The detection of varying 2D shapes is a recurrent task for Computer Vision applications, and camera based object recognition has become a standard procedure. Due to the discrete nature of digital images and aliasing effects, shape recognition can be complicated. There are many existing algorithms that discuss the identification of circles and ellipses, but they are very often limited in flexibility or speed or require high quality input data. Our work considers the application of shape recognition for processes in industrial environments and, especially the automatization requires reliable and fast algorithms at the same time. We take a very practical look at the automated shape recognition for common industrial tasks and present a very fast novel approach for the detection of deformed shapes which are in the broadest sense elliptic. Furthermore, we consider the automated recognition of bacteria colonies and coded markers for both 3D object tracking and an automated camera calibration procedure.

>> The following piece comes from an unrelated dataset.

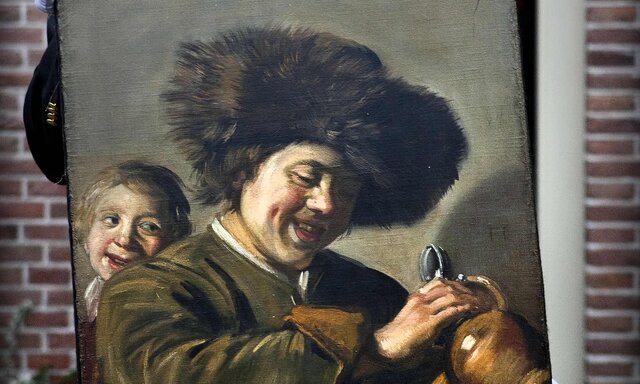 درخواست مدیر موزه Rijksmuseum آمستردام از تبهکاران برای باز گرداندن اثر به سرقت رفته Frans Hals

The digitalization of real-world objects is of great importance in various application domains. E.g. in industrial processes quality assurance is very important. Geometric properties of workpieces have to be measured. Traditionally, this is done with gauges which is somewhat subjective and time-consuming. We developed a robust optical laser scanner for the digitalization of arbitrary objects, primary, industrial workpieces. As measuring principle we use triangulation with structured lighting and a multi-axis locomotor system. Measurements on the generated data leads to incorrect results if the contained error is too high. Therefore, processes for geometric inspection under non-laboratory conditions are needed that are robust in permanent use and provide high accuracy as well as high operation speed. The many existing methods for polygonal mesh optimization produce very esthetic 3D models but often require user interaction and are limited in processing speed and/or accuracy. Furthermore, operations on optimized meshes consider the entire model and pay only little attention to individual measurements. However, many measurements contribute to parts or single scans with possibly strong differences between neighboring scans being lost during mesh construction. Also, most algorithms consider unsorted point clouds although the scanned data is structured through device properties and measuring principles. We use this underlying structure to achieve high
processing speeds and extract intrinsic system parameters and use them for fast pre-processing.